Tax reform matters for every taxpayer because personal income taxes are eating up our wages more every year.
This is what is referred to as bracket creep, where inflation and wage rises over time push people into higher tax brackets. And it hurts people on lower incomes more.
For example, a person earning $150,000 a year will pay 11 per cent more tax in three years if the government doesn’t give income tax relief, but a person earning $40,000 will have to pay a quarter more tax in the same period if nothing is done about bracket creep.
The other reason we need tax reform is because our ability to pay for the ballooning costs of health will be even worse without comprehensive change to make our tax system more reliable.
Commodity prices have become the canary in the mine signalling the health of federal budget revenues.
Surges and falls in house prices expose state revenue to huge volatility through stamp duties on property sales.

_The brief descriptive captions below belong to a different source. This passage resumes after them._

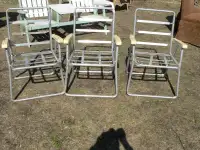 4 chaises en aluminium de parterre.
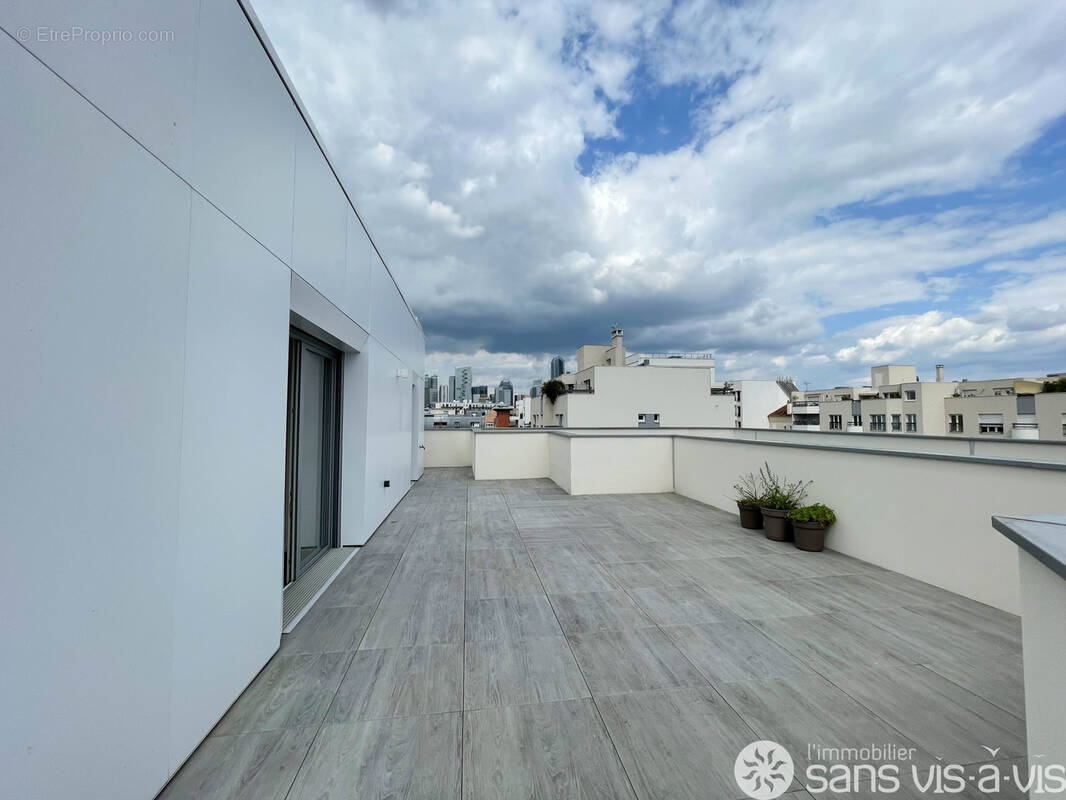 Appartement à SURESNES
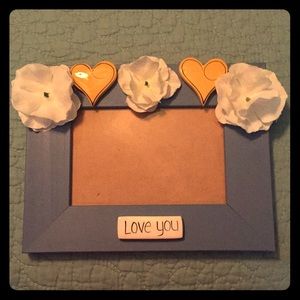 •LynetteDesigns• Periwinkle Frame w/💛💛 & flowers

And more and more people are making purchases over the internet, cutting further into the amount of tax revenue the government receives.
So we need a better balance of income taxes and consumption taxes so that our tax revenue is more stable, and our tax system raises the money it should.
Yes this means we will have to look at raising the GST and broadening its application to more areas than it covers now, but only as part of a comprehensive package that makes businesses more competitive, makes it easier for individual taxpayers to get ahead, and includes compensation for disadvantaged groups.